Priya and her husband Nades arrived in Australia on separate boat trips nearly a decade ago, and sought asylum. They said they feared persecution in Sri Lanka because of their Tamil ethnicity. The couple met in outback Biloela, married and had two girls – Kopika, 7, and Tharnicaa, 5. But the government detained them in 2018 after ruling the family had no legal right to be in Australia. Locals in Biloela fought for them to stay, kicking off a campaign that won national support and the backing of MPs from across the political spectrum, the BBC report said. Supporters include new Prime Minister Anthony Albanese who had pledged to allow the family to return to their adopted hometown in Biloela if elected.
Immigration Minister Andrew Giles on Friday said the government has kept its promise. But he stressed that immigration policies have not changed. Australia can hold asylum seekers like the Nadesalingam family in indefinite detention while it assesses their refugee claims or takes steps to deport them.
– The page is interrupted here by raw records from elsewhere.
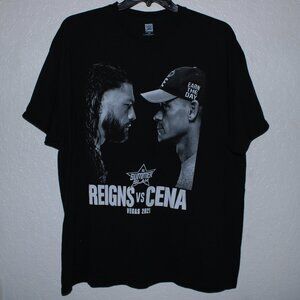 Roman Reigns VS. John Cena WWE Summerslam Shirt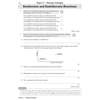Questions on exothermic and endothermic reactions, including a multiple-choice question, short answers
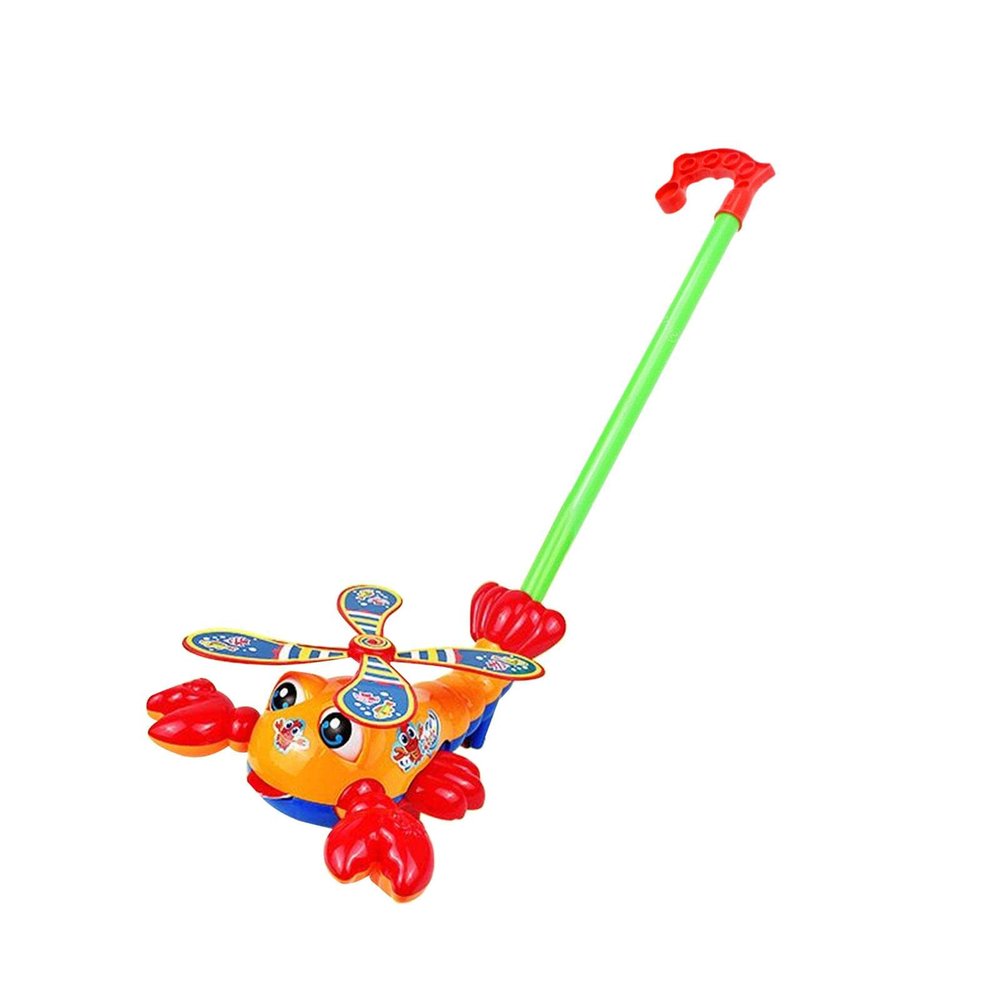 JunZheHub Lobster Hand Push Toy: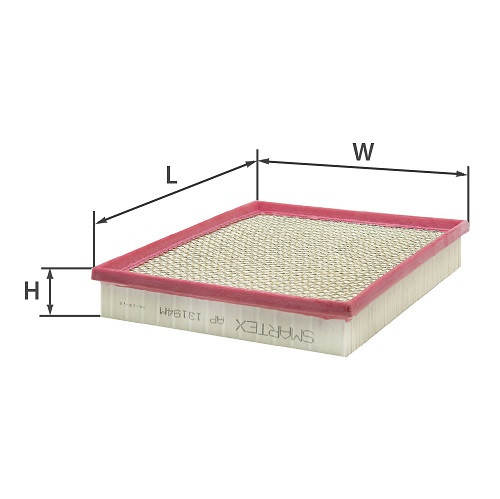 AP13194М Фільтр повітря із сіткою CHEVROLET Niva;OPEL (AP 051/WA6214/LX735/C30130), фото 1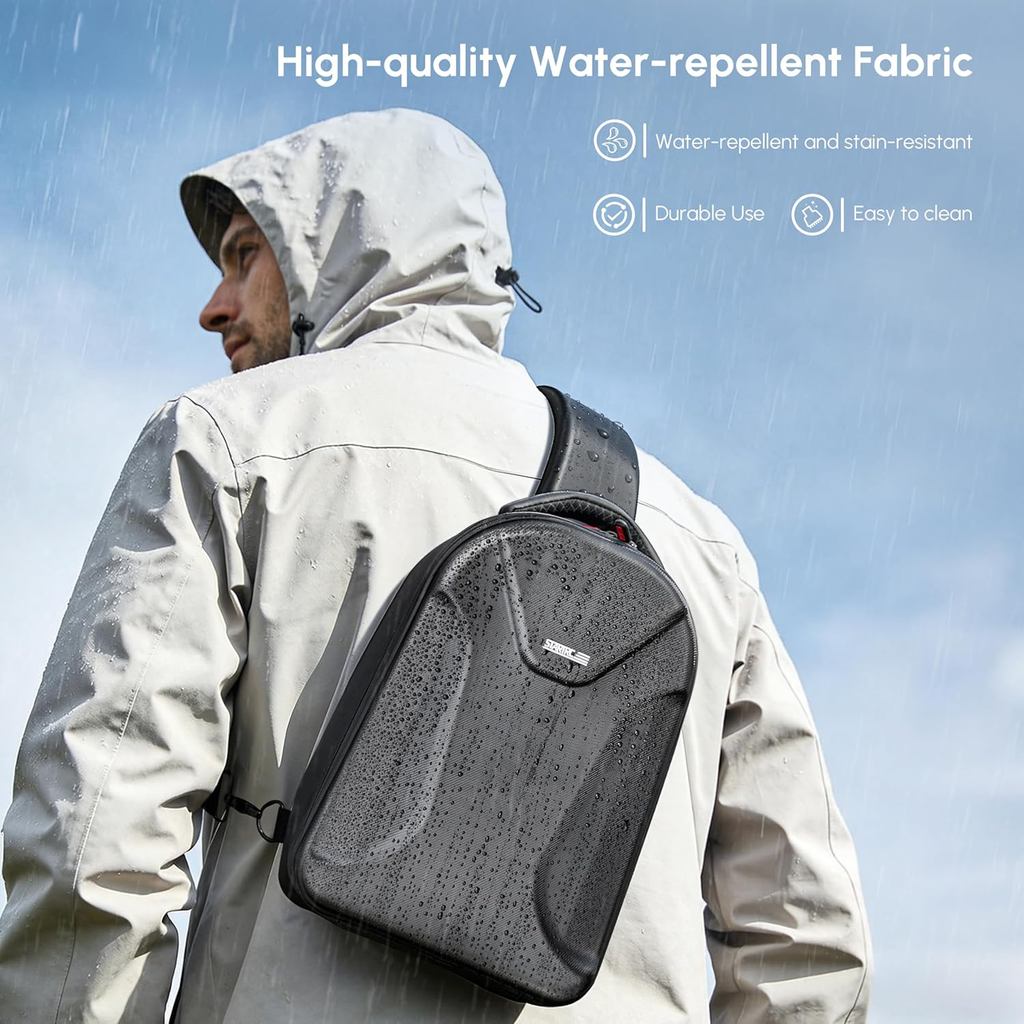 Mochila rígida impermeable par - Drone Dji Rc Mini 3 reseña y precio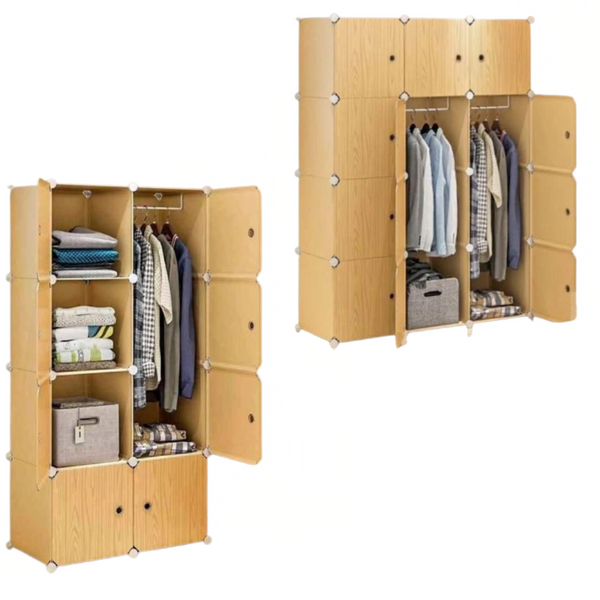 Pack armoire 2 et 3 battants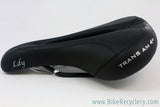 Selle Italia Trans Am Lady Genuine Gel Women's Specific Saddle: Cutout, Black NEW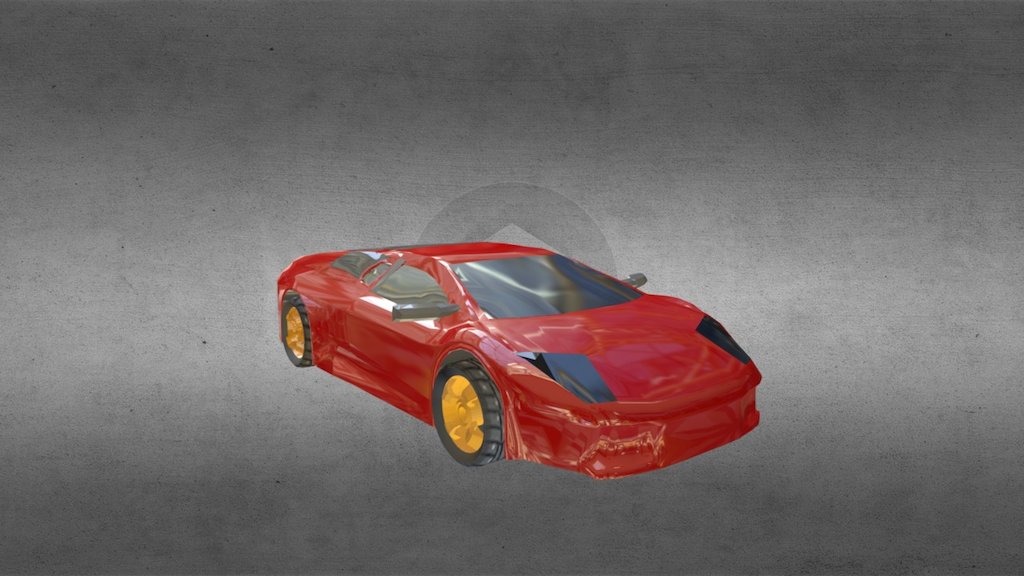 Lamborghini - Download Free 3D model by hpedrors [de9b30c] - Sketchfab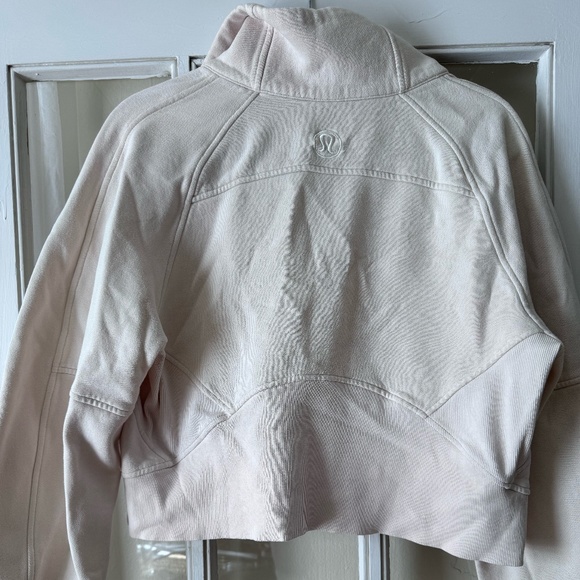 Lululemon Scuba Oversized Funnel-Neck Half Zip - Picture 3 of 5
It also has a policy of not allowing asylum seekers to arrive by boat, and maintains a system of offshore detention. “We are not considering changing this policy,” Giles said. “I do not want people to die in a boat on a journey when there is zero chance of settling in Australia.” Australia argues its strict policies on asylum seekers prevent human trafficking and deaths at sea, but the UN has criticised its approach as inhumane.